S. Amanda Marshall, United States Attorney, and Ronald K. Silver, Assistant United States Attorney, U.S. ATTORNEY'S OFFICE, District of Oregon, 1000 S.W. Third Avenue, Suite 600, Portland, OR 97204; Gerald J. Hill, Special Assistant United States Attorney, Office of the General Counsel, Social Security Administration, 701 Fifth Avenue, Suite 2900 M/S 221A, Seattle, WA 98104. Of Attorneys for Defendant.
OPINION AND ORDER
MICHAEL H. SIMON, District Judge.
United States Magistrate Judge John V. Acosta issued Findings and Recommendation ("F&R") in this case on July 2, 2014. Dkt. 19. Judge Acosta recommended that the Commissioner's final decision be affirmed and the case be dismissed. Plaintiff Shane Myres timely filed objections to the Magistrate's Findings and Recommendation. Dkt. 23. Defendant responded to counsel's objections. Dkt. 24. Mr. Myres objects to the F&R's findings that: (1) the ALJ provided clear and convincing reasons for rejecting Mr. Myres's testimony; (2) the ALJ properly rejected the opinion of Christopher Wallis PAC, Mr. Myres's treating physician's assistant; (3) Mr. Myres retains the ability to perform work in the national economy; and (4) the ALJ properly evaluated Mr. Myres's mental impairments at steps two and four of the sequential analysis.
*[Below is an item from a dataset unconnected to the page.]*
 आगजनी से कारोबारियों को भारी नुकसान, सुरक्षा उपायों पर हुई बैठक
Under the Federal Magistrates Act ("Act"), the Court may "accept, reject, or modify, in whole or in part, the findings or recommendations made by the magistrate." 28 U.S.C. § 636(b)(1)(C). If a party files objections to a magistrate's findings and recommendations, "the court shall make a de novo determination of those portions of the report or specified proposed findings or recommendations to which objection is made." Id.; Fed.R.Civ.P. 72(b)(3).
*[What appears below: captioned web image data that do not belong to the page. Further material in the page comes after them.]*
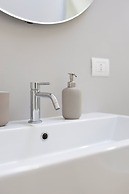 w Amazing 2BR in Centric in Florencia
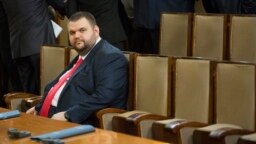 19 април 2017 г.: Делян Пеевски е за първи и последен път в това Народно събрание.
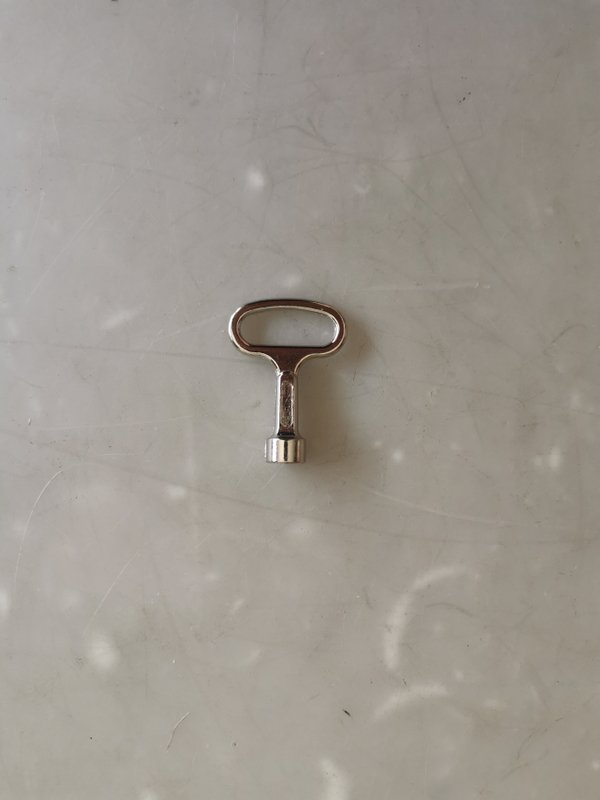 HC-B-10413 BUS LOCK PARTS SMALL FOUR CORNER KEY 52*37MM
For those portions of a magistrate's findings and recommendations to which neither party has objected, the Act does not prescribe any standard of review. See Thomas v. Arn, 474 U.S. 140, 152 (1985) ("There is no indication that Congress, in enacting [the Act], intended to require a district judge to review a magistrate's report[.]"); United States. v. Reyna-Tapia, 328 F.3d 1114, 1121 (9th Cir. 2003) (en banc) (the court must review de novo magistrate's findings and recommendations if objection is made, "but not otherwise"). Although in the absence of objections no review is required, the Act "does not preclude further review by the district judge sua sponte ... under a de novo or any other standard." Thomas, 474 U.S. at 154. Indeed, the Advisory Committee Notes to Fed.R.Civ.P. 72(b) recommend that "[w]hen no timely objection is filed, " the Court review the magistrate's recommendations for "clear error on the face of the record."
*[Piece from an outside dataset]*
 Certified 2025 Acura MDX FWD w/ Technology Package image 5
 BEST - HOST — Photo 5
The Court has reviewed de novo those portions of the F&R to which Mr. Myres has objected, as well as Mr. Myres's objections and the Commissioner's response. The Court agrees with Judge Acosta's reasoning and conclusions regarding the ALJ's decision to not fully credit the opinion of Mr. Wallis and the ALJ's decision regarding Mr. Myres's mental impairments and adopts those portions of the F&R (Sections II.B and II.D). For the reasons discussed below, however, the Court declines to adopt the portions of the F&R relating to the ALJ's assessment of Mr. Myres's credibility and finding that Mr. Myres can perform work in the national economy (Sections II.A and II.C). The decision of the Commissioner is reversed and the case is remanded for an award of benefits.
A. The Application
Mr. Myres filed an application for benefits on June 9, 2009, alleging an onset date of November 15, 2008. He alleged disability due to Crohn's disease and depression. The application was denied initially, on reconsideration, and by the Administrative Law Judge ("ALJ") after a hearing. The Appeals Council denied review and the ALJ's decision became the final decision of the Commissioner.
B. The ALJ's Decision
At step one, the ALJ found that Mr. Myres has not engaged in substantial gainful activity since November 15, 2008, the alleged date of disability. AR 12. At step two, the ALJ determined that Mr. Myres suffered from the severe impairment of Crohn's disease. Id. The ALJ found that Mr. Myres's medically determinable mental impairments of depression and anxiety were nonsevere. AR 13. The ALJ determined that Mr. Myres had the residual functional capacity ("RFC") to perform a full range of work at all exertional levels, but that he required convenient access to bathroom facilities. AR 14. The ALJ determined Mr. Myres could not perform past relevant work as a roofer because, as the vocational expert ("VE") testified, that this job would not provide an individual with ready access to a bathroom. AR 17. Considering Mr. Myres's age, education, work experience, and RFC, and based on the testimony of the VE, the ALJ found that there were jobs that exist in significant numbers in the national economy that Mr. Myres can perform, such as hospital cleaner, material handler, and hand marker. AR 18. Accordingly, the ALJ found Mr. Myres was not disabled. AR 10.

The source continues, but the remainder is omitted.